Nessuno ha mai messo in discussione la cultura, né l’importanza di promuoverla. Così come nessuno contesterebbe l’uso gratuito di spazi comunali per attività sportive, sociali o a sostegno del commercio.
Il punto non è cosa si promuove. Il punto è chi lo fa, come lo fa e con quali benefici.
Qui non si discute della qualità del libro del sindaco né del valore della rassegna “Pagine Erranti”. Si discute del fatto che il sindaco abbia proposto — e fatto approvare da una Giunta composta da assessori da lui nominati — la concessione gratuita di un bene pubblico per promuovere un libro scritto da lui che, in quella occasione, sarà posto in vendita, e da cui lui (e/o il suo editore) ricaveranno un guadagno.

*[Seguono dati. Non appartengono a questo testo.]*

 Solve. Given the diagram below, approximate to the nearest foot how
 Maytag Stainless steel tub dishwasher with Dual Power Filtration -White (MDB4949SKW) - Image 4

Questo è il nodo: l’utilizzo di strumenti dell’amministrazione per finalità da cui può derivare un beneficio personale.
Una questione di opportunità istituzionale, prima ancora che giuridica.
Parlare di “polemica strumentale” serve solo a nascondere il disagio di una delibera che espone l’intera Giunta a un problema di credibilità: davvero si ritiene normale firmare un atto che genera vantaggi economici diretti al proprio sindaco?
Non sarebbe stato più serio, e più rispettoso delle istituzioni, che il libro continuasse ad essere presentato — com’è già accaduto in altre sedi — senza alcun coinvolgimento formale o economico dell’amministrazione?
Non sarebbe stato più corretto che il sindaco si astenesse dal proporre una delibera in cui è, al contempo, parte proponente e beneficiario?
Chi governa ha il dovere di evitare ogni forma, anche solo apparente, di sovrapposizione tra interesse pubblico e utilità privata.
A maggior ragione quando si tratta di spazi comunali e atti ufficiali che generano un ritorno economico.
Più che attaccare chi pone una questione legittima, chi sostiene il sindaco dovrebbe riflettere su un dato semplice: nessun amministratore dovrebbe mai proporre una delibera che produce vantaggi per sé.
Chi rappresenta la città ha il dovere di restare un passo indietro. Sempre.